- Task instructions: All that should come back is the lines of the data below from the one containing "The Slide term" to the one containing "A fundamental requirement", inclusive, exactly as they stand.

- Data records:
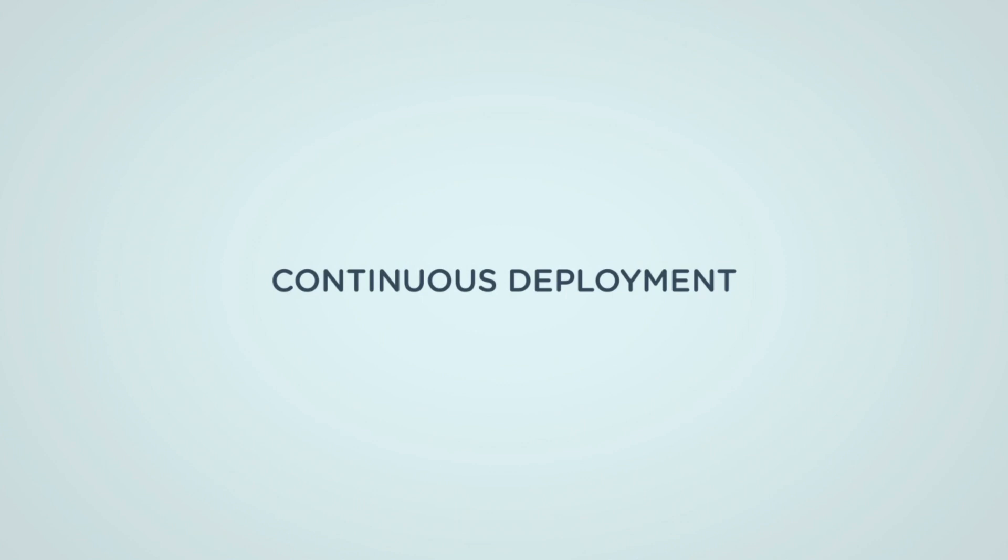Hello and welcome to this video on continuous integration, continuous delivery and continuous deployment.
==
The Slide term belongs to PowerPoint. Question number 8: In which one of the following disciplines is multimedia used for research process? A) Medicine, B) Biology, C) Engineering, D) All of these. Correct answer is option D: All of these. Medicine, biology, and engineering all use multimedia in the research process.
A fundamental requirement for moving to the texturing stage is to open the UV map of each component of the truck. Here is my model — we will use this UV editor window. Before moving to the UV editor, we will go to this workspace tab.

- Expected output:
The Slide term belongs to PowerPoint. Question number 8: In which one of the following disciplines is multimedia used for research process? A) Medicine, B) Biology, C) Engineering, D) All of these. Correct answer is option D: All of these. Medicine, biology, and engineering all use multimedia in the research process.
A fundamental requirement for moving to the texturing stage is to open the UV map of each component of the truck. Here is my model — we will use this UV editor window. Before moving to the UV editor, we will go to this workspace tab.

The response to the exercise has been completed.